If you are interested in pure backups without disaster recovery, it might be not the most efficient to dedicate nicely equipped machines with multi-core CPU and tens or hundreds of RAM to the backup cluster. In such case you can consider to backup your data to the public cloud storage targets. Thankfully, Falcon supports data replication from Hadoop to Amazon S3 and Microsoft Azure (and vice versa).
Read more details feed replications in Falcon‘s official documentation. It lets you replicate HDFS directories as well as Hive tables.
Although Falcon provides a lot of value, there is still room for improvements. Here is my subjective list of ideas that I would find both useful and exciting:
Automatic registration of datasets in HDFS and Hive
For each HDFS directory or Hive dataset that you want to use with Falcon, you must first define a feed that describes this dataset and submit it to Falcon. You can define a feed by writing a simple XML file or navigating through the new Web UI. No matter which method you choose – you need to specify several properties such as name, description, the Hive table or HDFS path it corresponds to, tags and so on. This information is somewhat redundant to what you might already have in description of your Hive tables. Therefore, Falcon could instead scan the Hive Metastore and HDFS and semi-automatically create feeds for each Hive table and pre-populate its properties. There is already a JIRA ticket for that.
More types of processes
Currently, Falcon schedules Hive queries, Pig scripts and Oozie workflows out of the box. If you want to schedule a Spark application, a Camus job (a MapReduce job that copies events from Kafka to HDFS) or a Sqoop job, it’s still possible, but you need to take advantage of an inconvenient workaround which is defining a simple, yet unpleasant, Oozie workflow that fires a Shell or SSH action with a command that submits your job (in case of Shell action – yet another disadvantage is that you need to deploy Spark client on each slave node; in case of SSH action – you probably end up submitting all Spark applications from a single node).
There was a loose idea to add native support for Spark or MapReduce in Falcon. It might be now a better time to do so since Oozie 4.2.0 already provides Spark action, so Falcon can just delegate this responsibility to it.
Going beyond Hadoop feeds
For several reasons including data discovery and data lineage, it would be useful to provide support for other data sources or destinations that are commonly used with Hadoop e.g. Kafka topics, Cassandra keyspaces, MySQL tables, Solr indexes and so on. You can track progress on this feature in a JIRA ticket.
Going beyond batch processing
From the day it was built until now, Falcon has been using to coordinate and schedule batch jobs running on top of Hadoop. Wouldn’t it be useful to get support for streaming feed and streaming process that can be executed by Storm, Samza, Spark Streaming or Twitter Heron? The relevant discussion has already started and there are some ideas presented.

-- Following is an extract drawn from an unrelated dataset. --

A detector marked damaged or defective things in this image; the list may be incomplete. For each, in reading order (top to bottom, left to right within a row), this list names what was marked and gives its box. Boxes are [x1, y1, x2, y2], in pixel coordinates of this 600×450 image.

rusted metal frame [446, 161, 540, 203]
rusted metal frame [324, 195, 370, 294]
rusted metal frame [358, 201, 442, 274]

Support for HDFS snapshots
Although Falcon already provides data retention and replication, it doesn’t support automatic creation of HDFS snapshots. While creating HDFS snapshots on your own is not a difficult task, you would probably delegate it to Falcon happily.
Currently Falcon doesn’t provide email notifications once scheduled feed/process instance finishes or fails. On the other hand, Falcon has JMS notifications and creates a JMS topic for every process and feed that is scheduled (the name of the topic is same as the process or feed name). This means that you can configure Falcon to push messages to ActiveMQ and then, for instance, use Apache Camel to consume on the required topic and route messages to a specified email account.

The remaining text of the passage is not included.